El valor de las pequeñas cosas

 Se hace necesario para gozar de cierto grado de felicidad el ser capaces de abstraernos de todas las desdichas que hay en el mundo.

El otro día visioné una gran película de Costa-Gavras (“Amén”) en la que denunciaba la falta de compromiso de la iglesia católica –y de las protestantes- durante el Holocausto judío. Cuando Hitler intentó oficializar una ley de eutanasia la movilización social y la protesta de las iglesias lo impidieron pero nada hicieron contra el gaseamiento de los judíos. Esto no nos debe sorprender, como institución humana la Iglesia a lo largo de la Historia tiene tantos episodios de complicidad con el “Mal” (como el silencio ante la “desaparición” de ciudadanos durante la dictadura argentina para no irnos al Medievo) y ha mostrado desde sus inicios tanta soberbia (partiendo de su pretensión de interpretar lo que Dios quiere y no quiere que hagamos) y tanto instinto de supervivencia (ya he comentado en este blog como gran parte de los primeros mártires cristianos lo fueron porque se negaban a guerrear en las legiones por ser pacifistas y en pocos cientos de años, en cuanto fueron la religión oficial del Imperio Romano, empezaron a animar a los cristianos a ser buenos soldados) que no es extraño no se mostraran demasiado belicosos con Hitler hasta comprender que no iba a ser el dueño del mundo.

Pero salvando el tema eclesiástico, es difícil creer que cientos de miles, millones de buenas personas hayan estado tantas y tantas veces de acuerdo con actitudes brutales que pasan en el mundo, sólo es explicable por nuestro propio instinto de ser felices, ¿Cómo si no se explica que gocemos de un edredón sabiendo que estamos a cero grados y en el banco de la esquina haya una pareja durmiendo? ¿Cómo podemos entretenernos con un partido de fútbol cuando en lo que dura, tanto sufrimiento y tanta injusticia se han cometido en el mundo? No hace mucho leí que es un error echarse las culpas por lo malo que pasa en el planeta, que si pensáramos así es como si creyéramos que matamos a alguien por comprar comida para el perro en lugar de destinar ese dinero a un moribundo congoleño.

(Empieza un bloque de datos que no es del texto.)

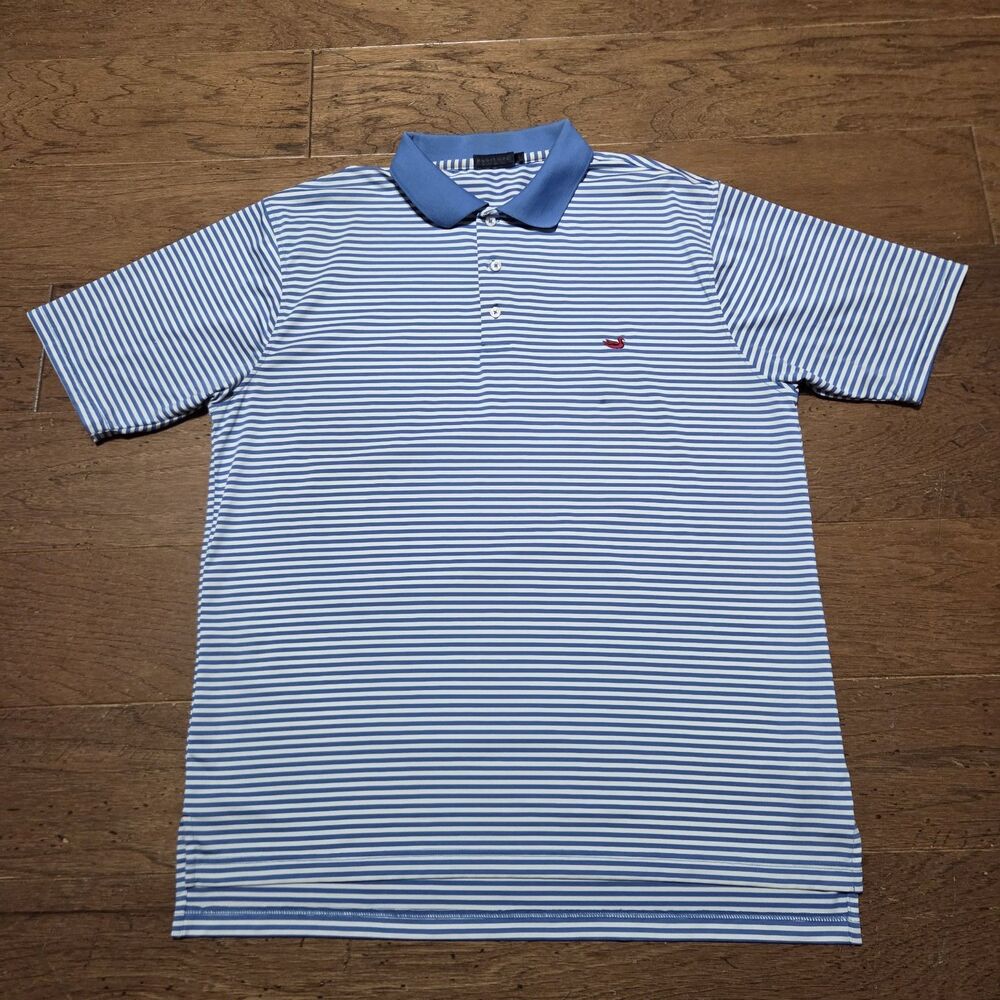 Southern Marsh Shirt Men's large Performance Polo Golf Stretch tennis pickle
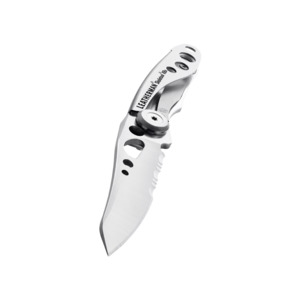 Leatherman: Leatherman Skeletool KBX Stainless Combo Knife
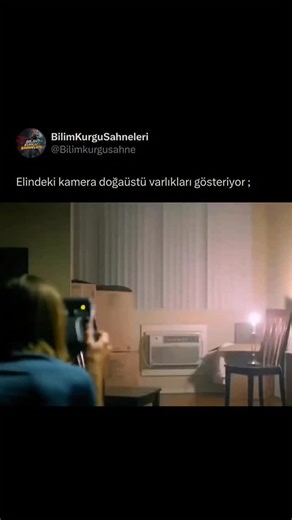 Bilim Kurgu Sahneleri on Instagram: "Videonun son saniyesine gerçekten aklımı yitirdim.. Film Adı ; Polaroid Film Konusu ; Karanlık ve gizemli sırlar barındıran eski bir Polaroid kamera verilen lise öğrencisi Bird Fitcher’ın hikayesini konu alıyor. Fitcher, fotoğraf çektirenlerin trajik bir şekilde öldüğünü kısa sürede fark eder."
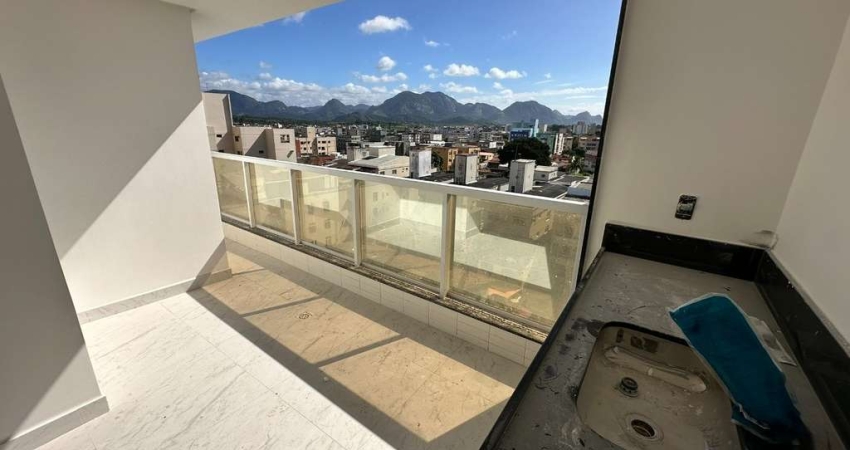 Apartamento 2 quartos à venda com vista para o mar da Praia do Morro, Guarapari ES. Lazer Completo na Cobertura.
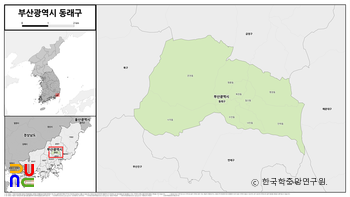 부산광역시 동래구 법정구역도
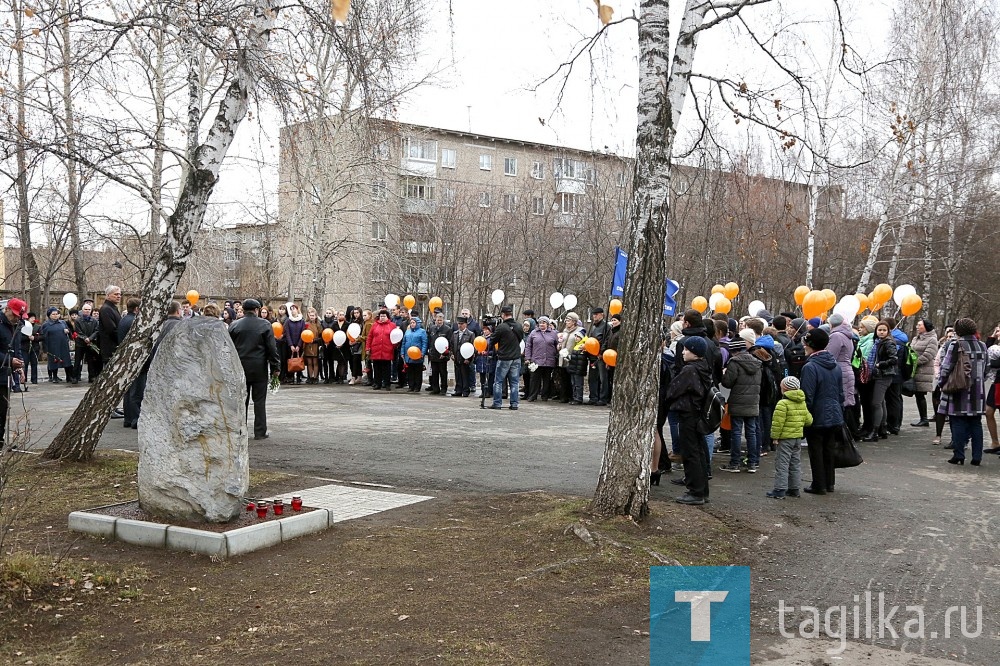 Чернобыль - Митинг памяти.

Y entiendo que es cierto pero realmente, ¿Alguien se siente culpable de algo? Creo que no, y estoy de acuerdo que para nuestra salud psicológica eso es lo mejor, pensar en positivo y disfrutar de los pequeños detalles…Claro, que si no debemos sentirnos culpables por lo malo que hay en el mundo y lo que sufren otros miembros de nuestra misma raza (debido principalmente a nuestra característica más común: el egoísmo), lo coherente sería que tampoco nos sintiéramos orgullosos de nuestros éxitos como humanos cuando lo cierto es que aprovechamos cualquier excusa para hacerlo, desde un récord olímpico hasta el enviar un artefacto a Marte…

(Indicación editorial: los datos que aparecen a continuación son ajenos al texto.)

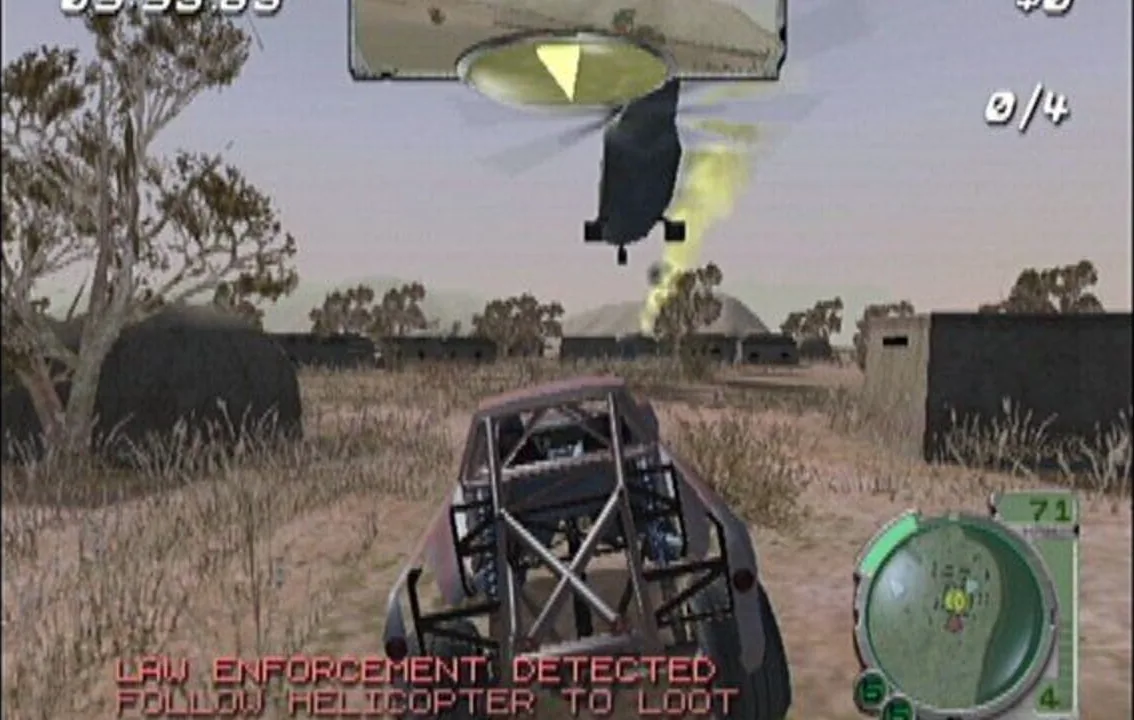 Smuggler's Run: Warzones screenshot 2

Pero el caso es que hemos aprendido a vivir con eso y cada día me convenzo más de la importancia de las pequeñas cosas como principal aporte a nuestra salud mental. La felicidad es algo etéreo, se compone de pequeños momentos que al hacer balance nos asombran: los mejores instantes son la lectura de un libro, una melodía, una película o una serie de TV, un recuerdo del contacto con alguien (que probablemente la memoria ha manipulado para que sea más grato de lo que fue), una brisa fresca cuando tenemos calor, una manta cuando tenemos frío, mear cuando llevamos un buen rato queriéndolo hacer…

Sí, es cierto que la familia, el trabajo, los amigos, el dinero… son la base de nuestro vagar por el mundo y su falta nos lleva a la tristeza en la mayoría de los casos pero nuestra memoria sensorial, que es la que más influye en nuestro estado de ánimo, recuerda más un paisaje de las últimas vacaciones que nos caló hondo que el que las pudiéramos disfrutar con el dinero obtenido trabajando durante meses.

Hoy es tan buen momento como cualquier otro para valorar –por desgracia no sólo por su intensidad, sobre todo por su escasez- esos pequeños momentos, esas sensaciones que llenan nuestra minúscula y muy limitada existencia en este vasto universo que tan importante –y vital- nos es.